:: Your assignment ::
From the material below, return exactly the lines starting at the one that holds "Deadpool / Wolverine #2" and ending at the one that holds "Como In Centro". Pictures stay out of the answer.

** Opening Source material block **

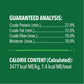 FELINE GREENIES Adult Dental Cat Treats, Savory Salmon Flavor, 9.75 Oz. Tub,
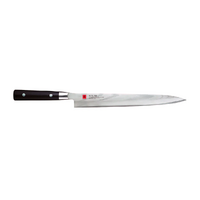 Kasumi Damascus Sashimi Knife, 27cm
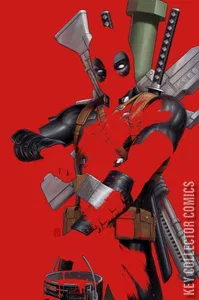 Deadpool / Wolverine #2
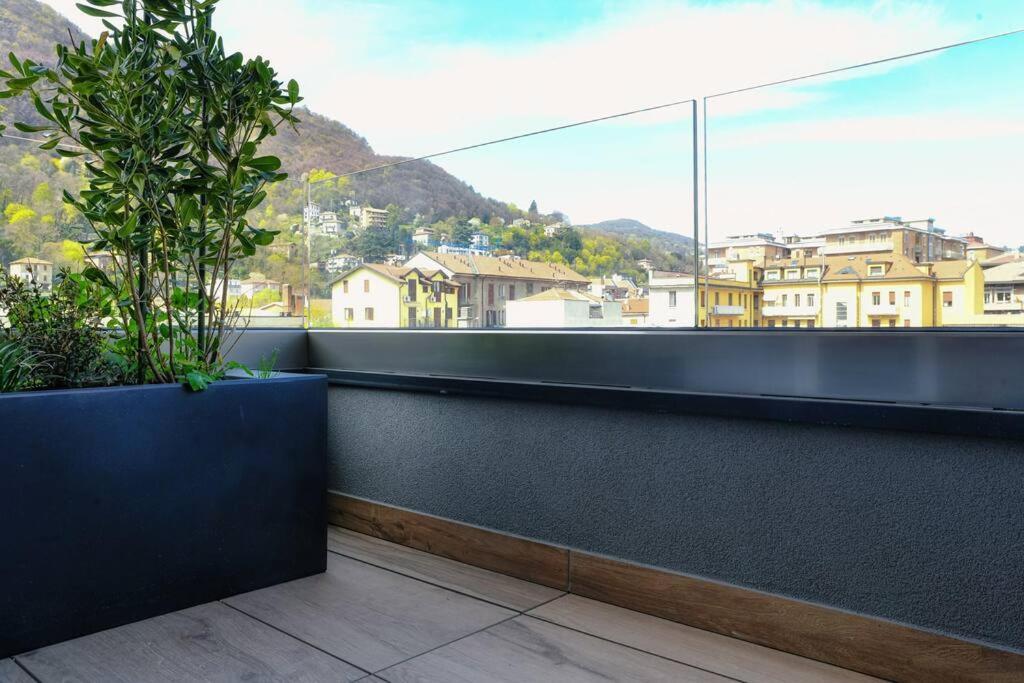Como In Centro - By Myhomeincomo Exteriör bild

** Closing Source material block **
** Opening Source material block **

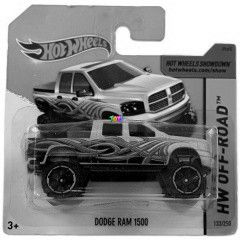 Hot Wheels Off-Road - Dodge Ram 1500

** Closing Source material block **
** Opening Source material block **

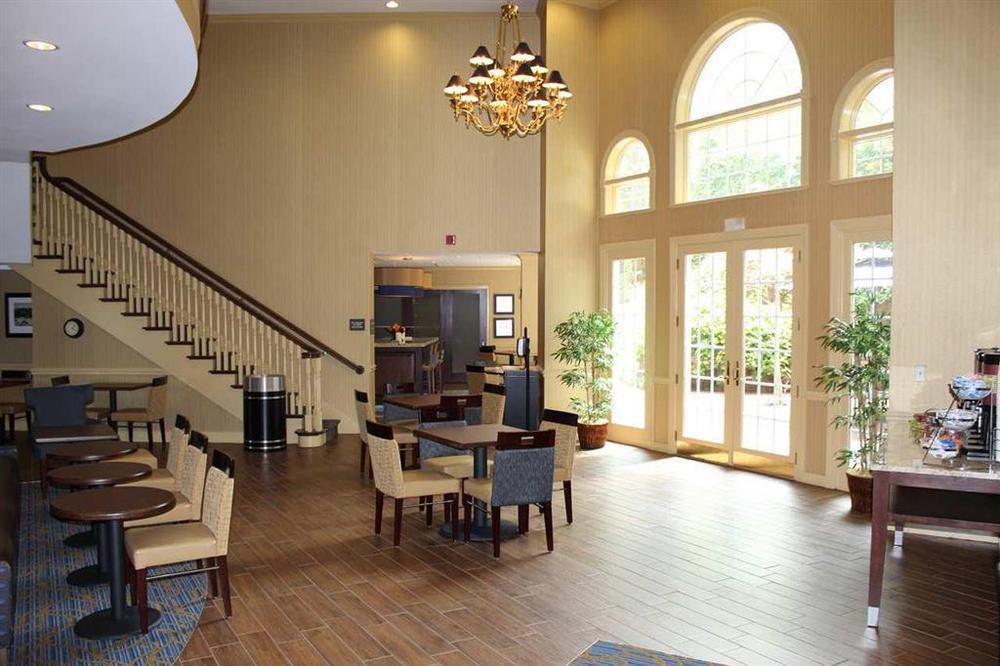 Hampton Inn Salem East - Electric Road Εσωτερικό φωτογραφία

** Closing Source material block **

:: Expected answer ::
 Deadpool / Wolverine #2
Como In Centro - By Myhomeincomo Exteriör bild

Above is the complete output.